= Beginning of Section =
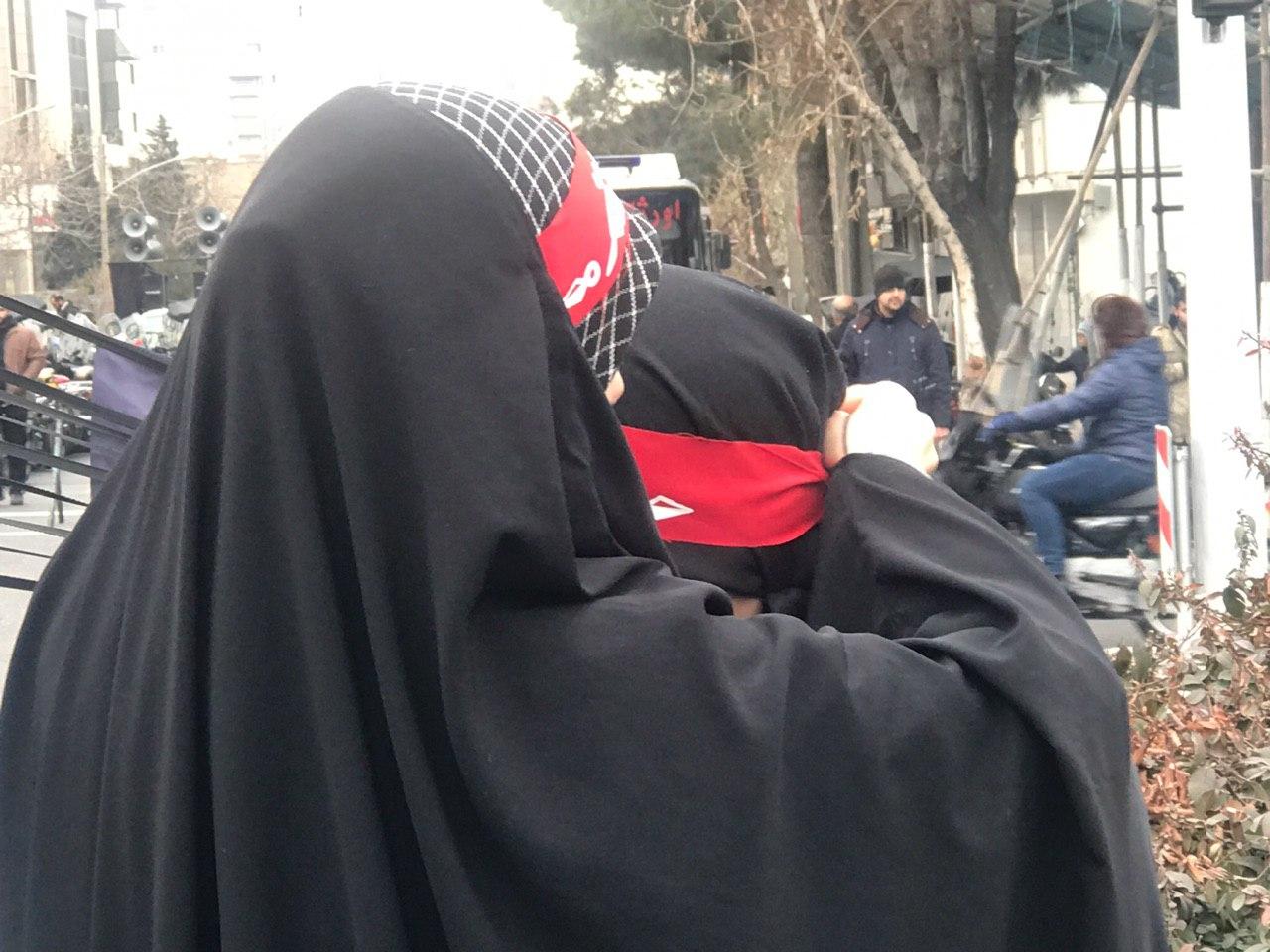 حضور پرشور مردم با سربندهای &laquo;یا مُنتقم&raquo; در نماز جمعه تهران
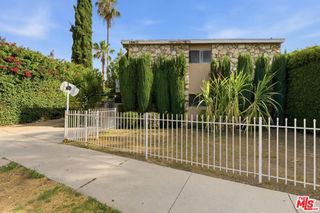 18611 Clark Street, Tarzana, CA 91356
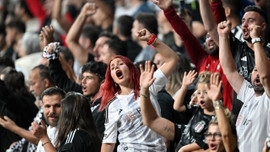 Beşiktaş taraftarının bir kısmı stattan ayrılmadı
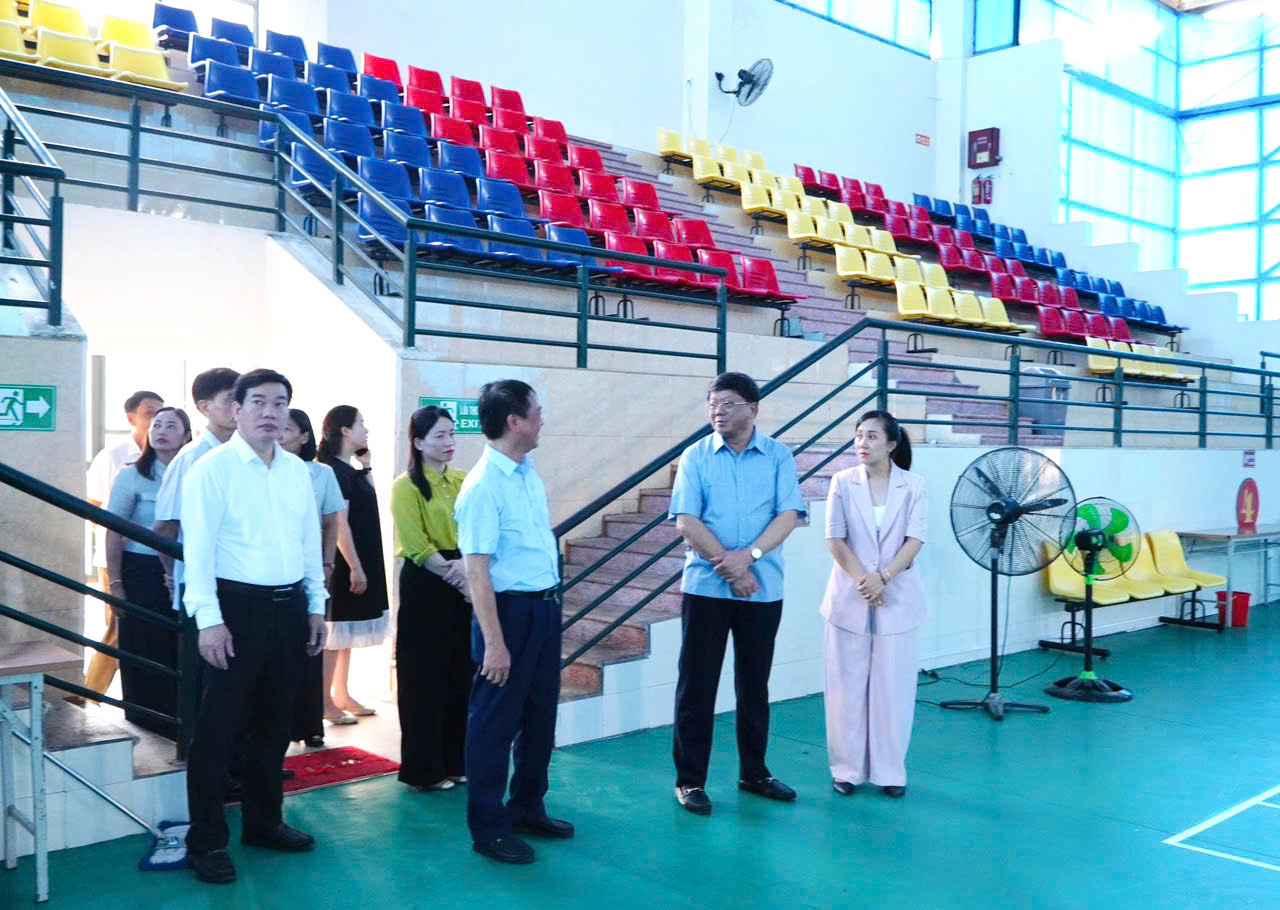 Đồng chí Hà Trung Kiên, Uỷ viên Ban Thường vụ Tỉnh uỷ, Phó Chủ tịch Thường trực Uỷ ban MTTQ Việt Nam tỉnh Tuyên Quang làm việc với Trung tâm Thanh thiếu nhi tỉnh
= End of Section =
* About this task
Lines from the one that contains "Beşiktaş taraftarının bir" through the last line of the data above are to be extracted exactly, with no pictures and no other lines.

* Result of this exercise
 Beşiktaş taraftarının bir kısmı stattan ayrılmadı
 Đồng chí Hà Trung Kiên, Uỷ viên Ban Thường vụ Tỉnh uỷ, Phó Chủ tịch Thường trực Uỷ ban MTTQ Việt Nam tỉnh Tuyên Quang làm việc với Trung tâm Thanh thiếu nhi tỉnh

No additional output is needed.